Articles

Transforming lives through e-solutions (en)

5 juillet 2016
ITC Nouvelles

Ever since the World Wide Web was conceived at CERN on the Franco- Swiss border and released into the public domain in 1993, the internet has continued to spin out new opportunities for information and commerce. News has become instant, we can stream films and music, and in many parts of the world we can buy whatever we want from online retailers.

Online retailing – or e-commerce – has become a huge market, with global business-to-consumer (B2C) transactions expected to total more than US$ 1.5 trillion in 2016. The global business-to-business (B2B) e-commerce market is even bigger, and is expected to be worth close to US$7 trillion by 2020.

While some of the most celebrated e-commerce successes are based in developed countries, companies in developing countries are rapidly catching up. Alibaba, the Chinese online retailing giant, was founded just over a decade ago and is today eclipsing many of the traditional online retailers in terms of sales (see pages 16-17).

In all developing countries, e-commerce holds tremendous promise for spurring economic growth and creating new opportunities. One only has to look at how Rwanda is working to create digital platforms to market and sell products ‘made in Rwanda’ to understand that the size of economy of landlocked countries need not hinder moving in the direction of digital solutions. By 2018, Latin America B2B e-commerce is expected to grow to around US$ 90 billion and Africa’s B2C e-commerce market is destined to hit US$ 50 billion. Despite those figures, Latin America’s is just over 4%, and Africa’s share of the global e-commerce market is estimated to be well below 2% suggesting there is a vast untapped potential in this area.

The International Trade Centre’s (ITC) work in this area addresses the policy dimensions of e-commerce, the infrastructure needed to make the digital economy work, and supporting on the ground e-solutions transactions. E-commerce – B2C and B2B – will play a key role in eliminating poverty and achieving Goal 1 of the 2030 Agenda for Sustainable Development. E-commerce makes it easier for small and medium-sized enterprises (SMEs) in developing countries to trade across borders.

Easier, however, does not equal perfect. Many challenges remain. A recent ITC report, Bringing SMEs onto the e-Commerce Highway, identified four major challenges for developing countries to succeed in the world of online retail: establishing an online presence for business, international e-payments, international delivery and after-sale services.
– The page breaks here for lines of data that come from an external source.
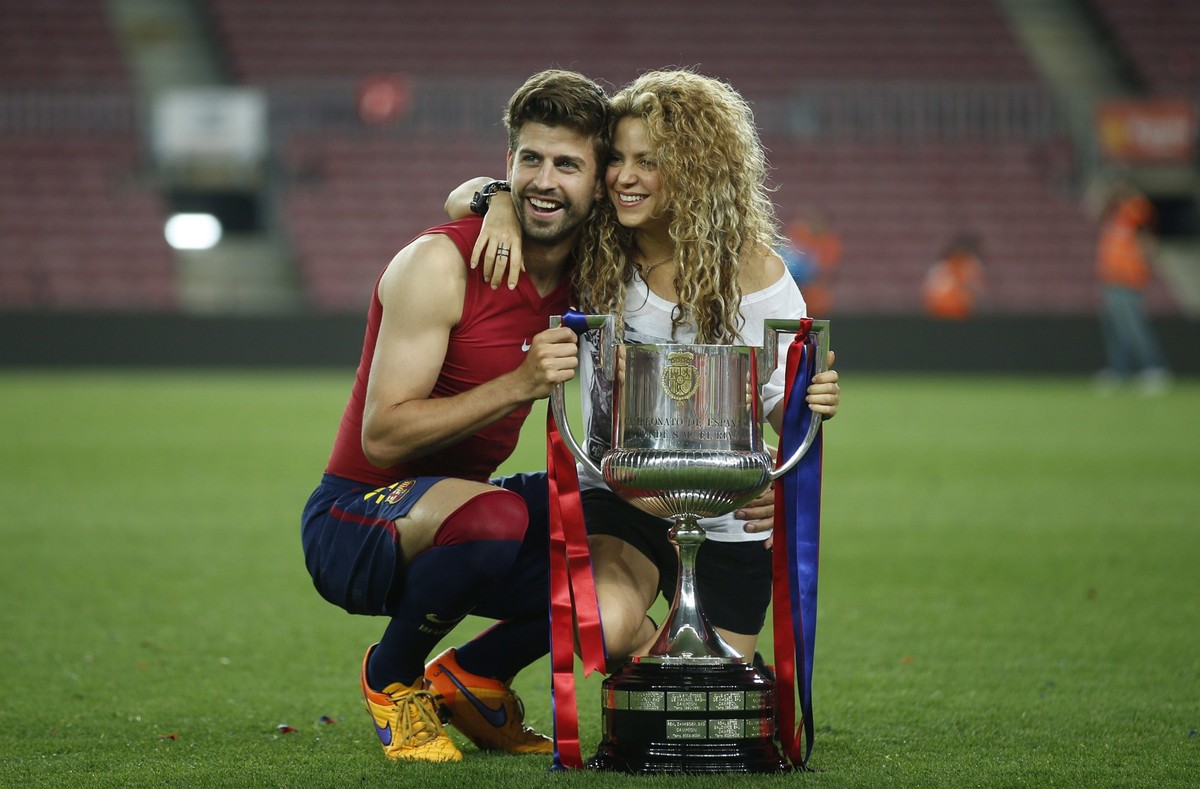 ARCHIV - 30.05.2015, Spanien, Barcelona: Gerard Pique, ehemaliger Spieler des FC Barcelona, feiert mit seiner damaligen Freundin, der kolumbianischen S�ngerin Shakira, den Sieg seiner Mannschaft �ber  ...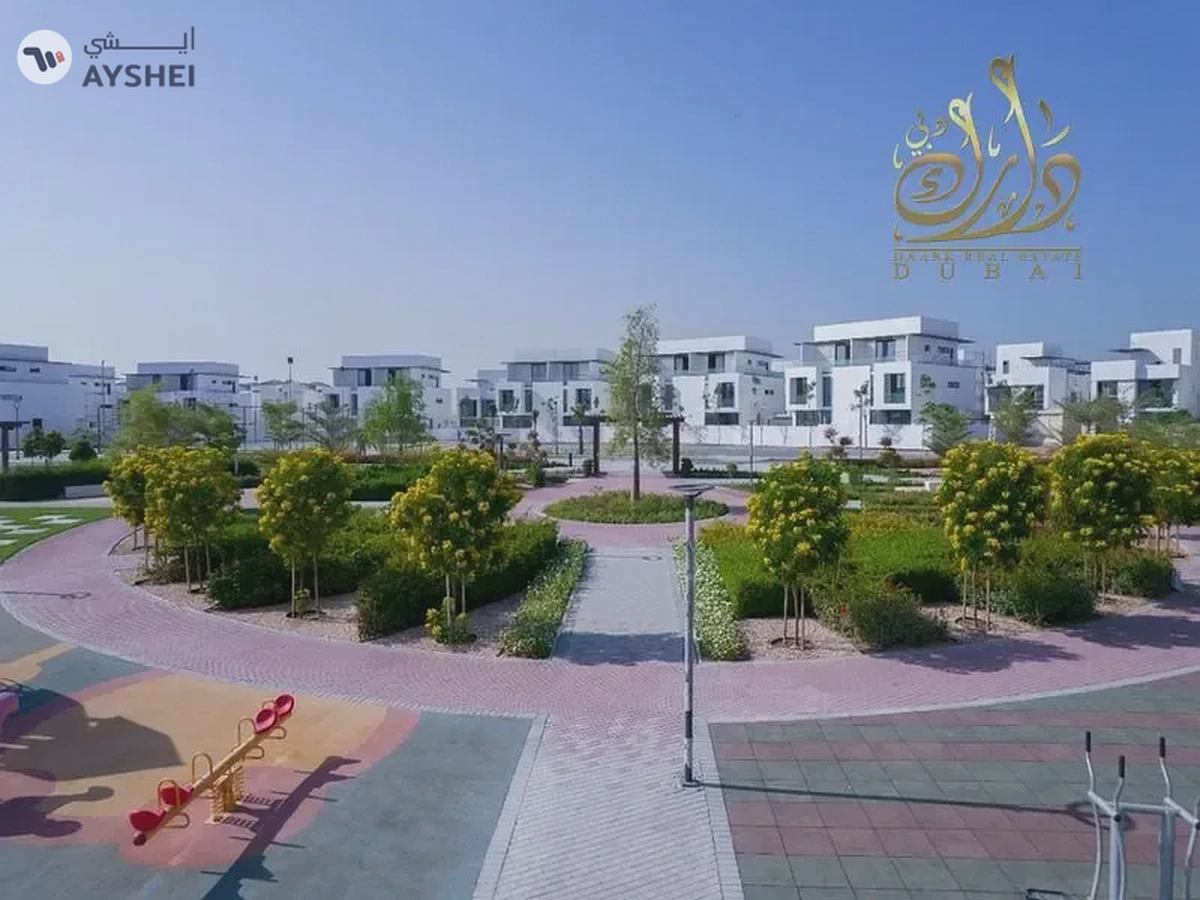 50% SLD discount-Waterfront Villa-Private Pool-Ready to Move in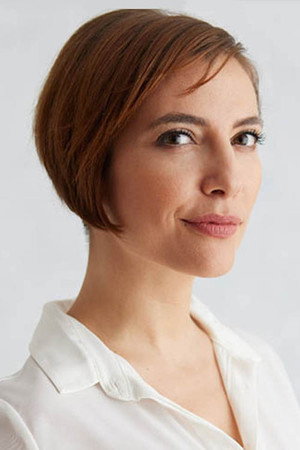 Cover image for Pınar Göktaş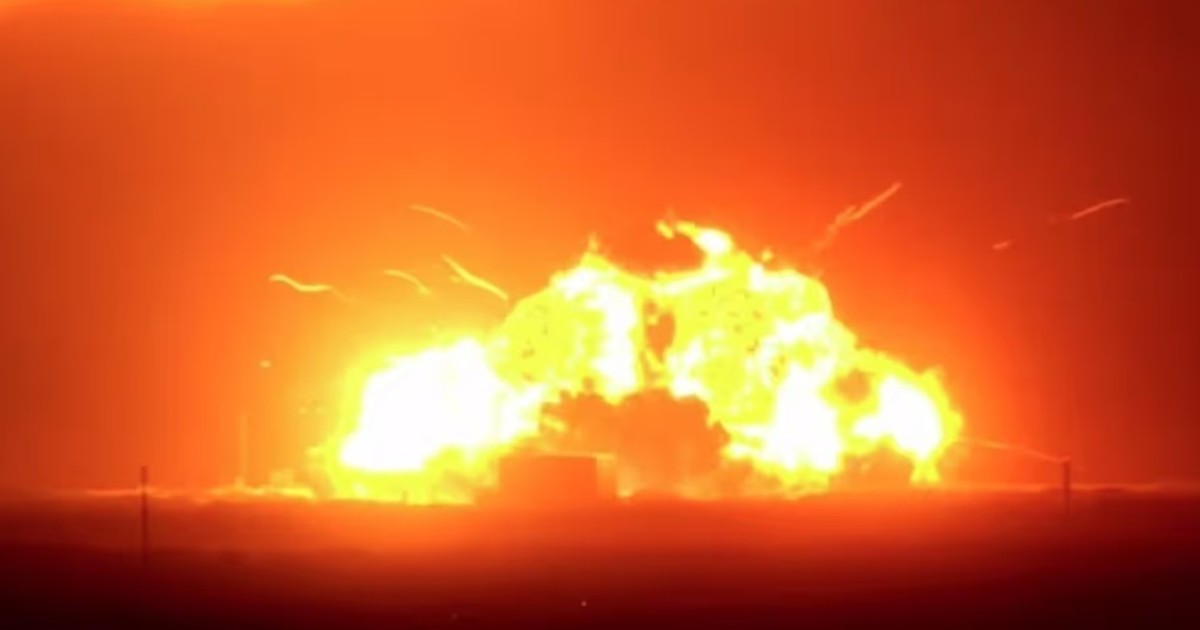 La impactante explosión de un cohete de la empresa de Jeff Bezos durante una prueba en Cabo Cañaveral La impactante explosión de un cohete de la empresa de Jeff Bezos durante una prueba en Cabo Cañaveral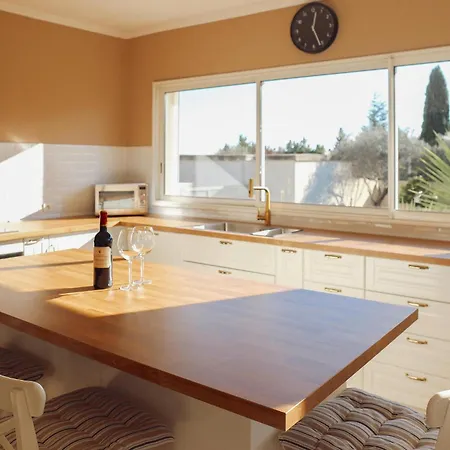Σπίτι διακοπών 3 Bedroom Stunning In Rochefort-du-Gard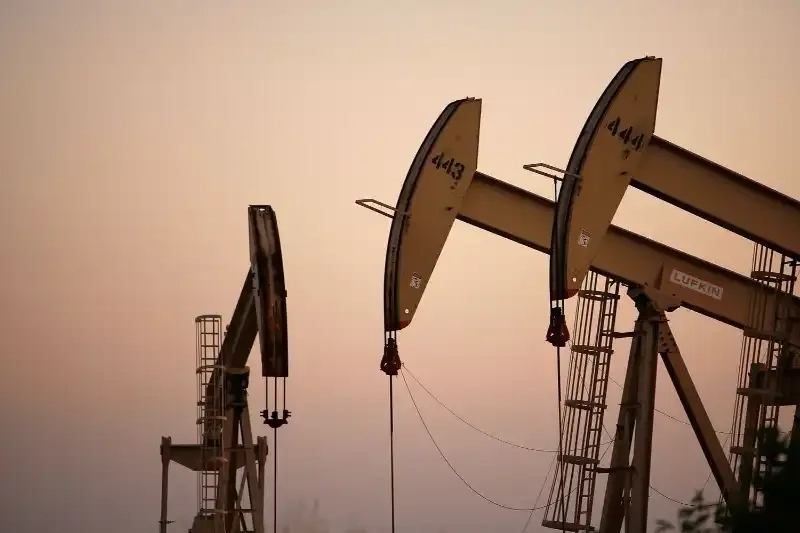 oil_ilustrasi_minyak_mentah.webp oil_ilustrasi_minyak_mentah.webp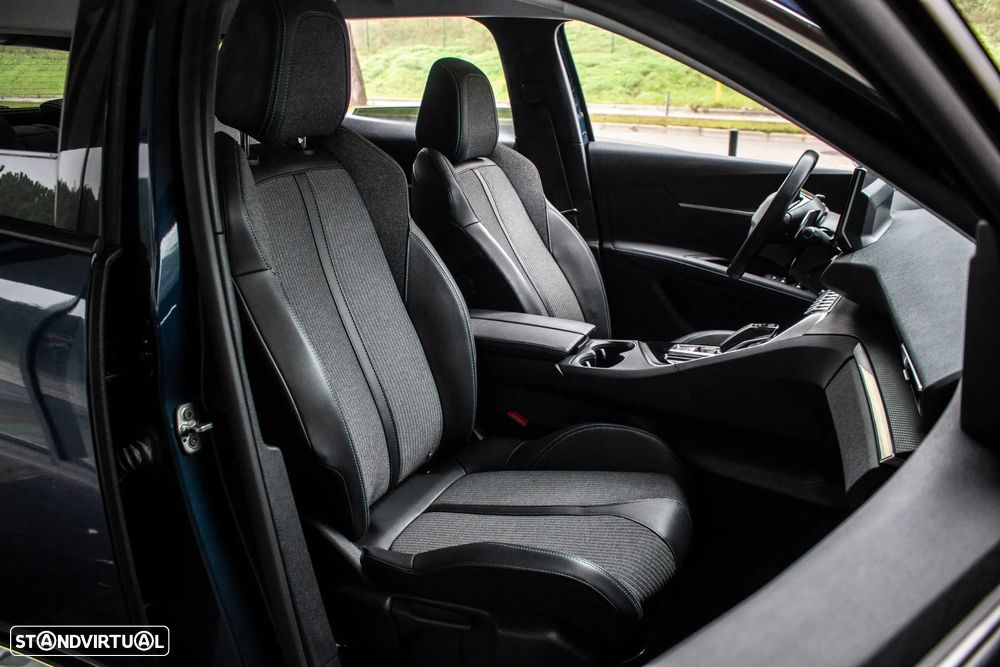 Peugeot 3008 1.6 Hybrid Allure e-EAT8 - 27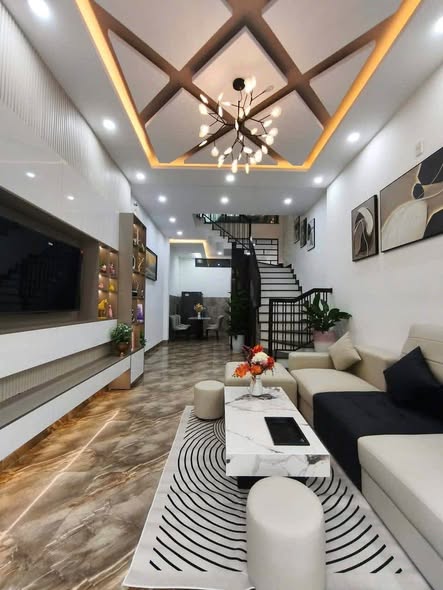 Cần bán nhanh nhà 3 tầng 3 mê full nội thất - xách vali vô ở.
To help developing countries and their SMEs improve their e-commerce capacities, ITC has teamed up with a range of partners, including large players such as eBay and DHL, as well as smaller specialised firms in related fields, such as legal advisory services. In the past year we organized a series of pop-up stores – dubbed e-Com Souks – in Switzerland and Rwanda to raise awareness about goods made in developing countries such as Cote d’Ivoire, Ethiopia, Morocco, Senegal and Syria (see page 31-32). And at the end of June, we organized an e-Commerce Caravan that travelled from these countries to Geneva and Zurich.

A major challenge is to overcome the complexities of handling duties and taxes and complying with local fiscal and legal

conditions: all of which appears at first highly opaque and beyond the capacity of small firms operating out of developing countries. And yet once these compliance issues are solved the world of e-commerce begins to open up: financial transactions become easier and accounts can be opened on the world’s biggest marketplaces.

Through this exercise we are building trust between potential buyers and sellers. By allowing people to touch, feel and taste products, and confirm they are of high quality, these customers and sellers become ambassadors for greater online trade from developing countries.

Step by step, we are tapping the potential of e-commerce to ensure that SMEs in developing countries can play a greater part in this sea-change in global commerce.

Bringing developing country SMEs onto the e-commerce highway will also speed up development and bring us closer to eliminating poverty.